“Low circulation can be attributed to opinion piece newspaper stories which function as news stories, which in turn produce negative responses from those of us who are out-of-step with newspaper propaganda,” says reader NJT, who might have had in mind yesterday’s Chi Trib top-of-page-one article, “Military options against Iran carry big risks: Strategic [sic: Strategy] and policy experts analyze tactics available--and possible retaliation--if the U.S. launches an attack designed to thwart Tehran's nuclear ambitions,” which typically preaches to the pacifist choir and is wholly one-sided.
It also assumes we know war on Iran is being planned. That may be all the buzz in the Washington bureau, but some readers would appreciate more stage-setting. And this is aimed at readers, we presume.
We read that “analysts suggest” and “analysts describe” and even the flaccid “experts said,” which are standard newspaper thumb-sucking lingo but means analysts and experts the Trib thought worth asking or reading about or some or many or most analysts, or . . . what? Trib puts us at its mercy, relying on our considering it trustworthy; hence the preaching to choir. But if there are no or few analysts who contradict what they report, we should be told that. Part of mainstreamers’ problem is how fuzzy they get in such matters. Fuzzy writing means fuzzy thinking means who cares?
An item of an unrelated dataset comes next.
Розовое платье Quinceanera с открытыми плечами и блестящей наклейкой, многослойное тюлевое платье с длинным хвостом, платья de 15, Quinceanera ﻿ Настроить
As for stage-setting, not till paragraph 7 do we read
While President Bush this week dismissed the idea of military action against Iran as "wild speculation," he did not deny reports that the administration is developing plans for air strikes and has long said all options are on the table.
This belonged farther up, even as the lead, if only for stage-setting purposes. But wait: “wild speculation” in a subordinate clause, the “while” clause? This isn’t more important that that as background to Trib’s presumably unwild speculation?
(While we’re at it — during the time — how about dispensing with the all-purpose “while” when we mean “although”? It’s clearer and more honest. And make your “while” clause the main clause, and introduce the next clause with “but.” Two independent clauses, one countering the other. Readers would appreciate it.)
Here’s another paragraph (12th) that belongs much higher up:
Public pronouncements from the White House have laid the rhetorical groundwork for the use of military force. In January, Bush described a nuclear-armed Iran as "a grave threat to the security of the world," words reminiscent of the language he used before the 2003 invasion of Iraq.
OK. Now at least we know what this editorial (sorry, news analysis) is driving at. It’s followed by Cheney saying “meaninful consequences” should follow Iranian refusal to abandon its nuclear program. Then several ‘graphs that say how all this might be just diplomatic talk, etc.
Oh boy. 1,500 words and there we are, much ado about what? And where are the analysts who contradict the editorial (oops, news analysis) thrust? Trust us, says Chi Trib. But it gets harder by the day.